Federal payment rates for Medicare+Choice managed care plans will increase by about 5.3% in most counties across the country, according to the Health Care Financing Administration (HCFA) in Baltimore. Payment rates in other counties will rise by the guaranteed minimum increase of 2%.
The expected payment rates reflect the law’s requirements, including recent changes included in the Medicare, Medicaid, and SCHIP Benefits Improvement and Protection Act of 2000 (BIPA), enacted last December. The new payment rates for 2001 and 2002 can be viewed on the HCFA Web site at www.hcfa.gov/stats/hmorates/aapccpg.htm.
For 2002, the floor amounts will be $553.04 for urban areas with populations of 250,000 or more. In other counties, the floor amount will be $500.37. For the months of March through December 2001, the rates are $525 and $475 respectively. All of these rates reflect increases mandated by BIPA.
The Department of Health and Human Services (HHS) reported in March that improper Medicare payments to doctors, hospitals, and other health care providers in fiscal year 2000 continued to show sustained decreases since the department’s Inspector General began tracking Medicare’s payment error rate five years ago.
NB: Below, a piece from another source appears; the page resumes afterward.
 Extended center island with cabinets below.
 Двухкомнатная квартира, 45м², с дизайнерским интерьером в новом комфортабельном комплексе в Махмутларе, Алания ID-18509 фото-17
The error rate measures payments made by Medicare that are not "properly supported by health care providers’ documentation or which otherwise do not meet Medicare reimbursement requirements."
For the second straight year, HHS and the Health Care Financing Administration received "clean" audit opinions of their financial statements from the Office of Inspector General (OIG). The OIG serves as independent auditor as required under the Government Management Reform Act.
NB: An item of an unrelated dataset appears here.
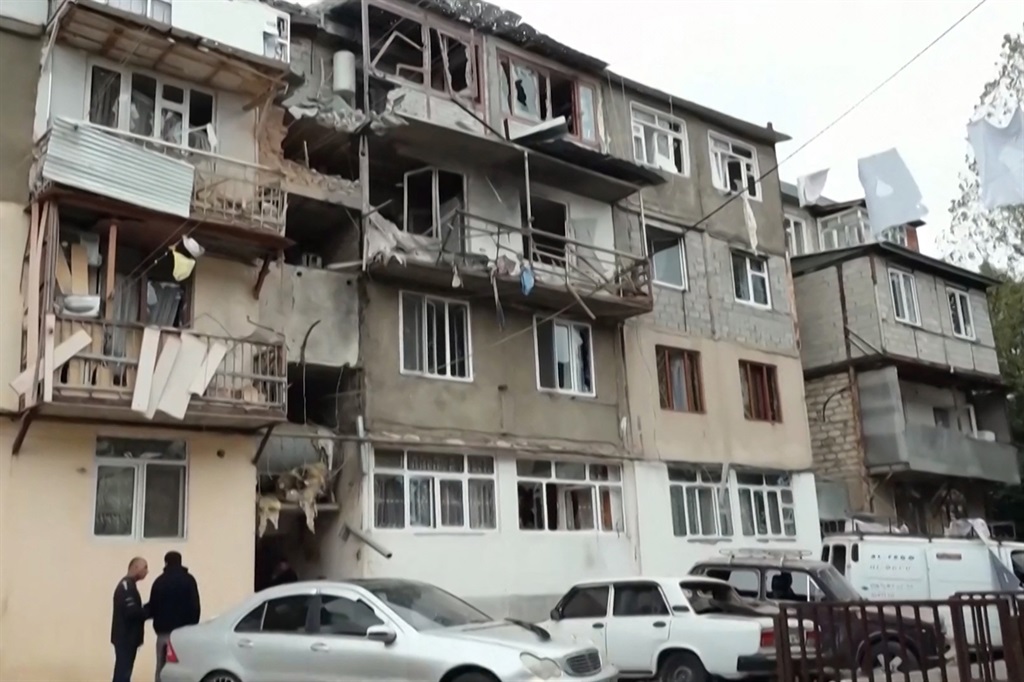 A video grab made from footage released by the Nagorno-Karabakh Foreign Ministry shows damaged apartment buildings in Stepanakert, on the first day of Azerbaijan's offensive on the region.  (Photo by Nagorno-Karabakh Foreign Ministry / AFP)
Medicare’s estimated error rate was 6.8% in fiscal year 2000, compared with nearly 8% the previous year, according to the OIG’s latest report. The error rate has fallen to roughly half of the 14% rate estimated in fiscal year 1996, the first year that the Inspector General conducted an audit to estimate Medicare’s overall error rate.
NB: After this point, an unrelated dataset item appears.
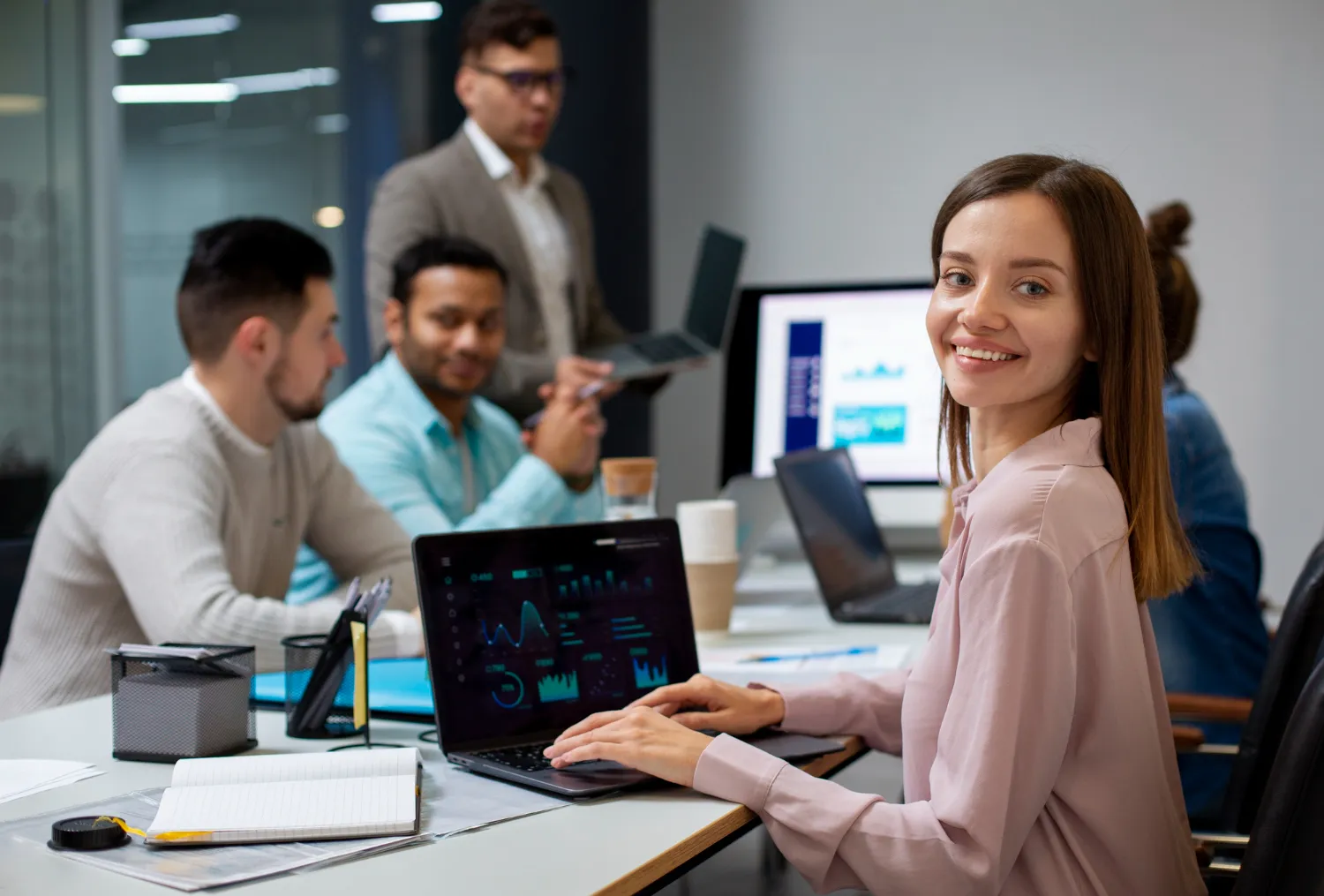 Smiling woman at a team meeting, working on data analysis using a laptop, with colleagues discussing in the background.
The fiscal year 2000 error rate represents an estimated $11.9 billion in improper payments out of the total $173.6 billion in fee-for-service Medicare payments, compared with $13.5 billion in fiscal year 1999 and $23.2 billion in fiscal year 1996. HCFA met its target for reducing the error rate to 7% in fiscal year 2000 and continues to take steps to meet its fiscal year 2002 goal of 5%.
The OIG calculated the improper payment rate by examining a valid statistical sample of 5,234 Medicare claims across the United States valued at $5.3 million. OIG auditors reviewed the medical records supporting the claims with the assistance of medical experts and then projected the sample findings over the universe of Medicare fee-for-service benefit payments, which totaled $173.6 billion during fiscal year 2000.
The Office of Inspector General (OIG) has posted a general information sheet for Corporate Integrity Agreements (CIAs) and Settlement Agreements with Integrity Provisions on its web site. The site offers the following links:
To see the CIA information, visit www.dhhs.gov/progorg/oig/cia/index.htm.
• The 2001 HIPAA Conference, sponsored by members of the Joint Healthcare Information Technology Alliance in Washington, DC, will be held May 23-25 in La Jolla, CA. The Department of Health and Human Services’ Bill Braithwaite, PhD, MD, will open the meeting with an update on the Health Insurance Portability and Accountability Act of 1996 administrative simplification regulations. Other industry experts also will address the participants.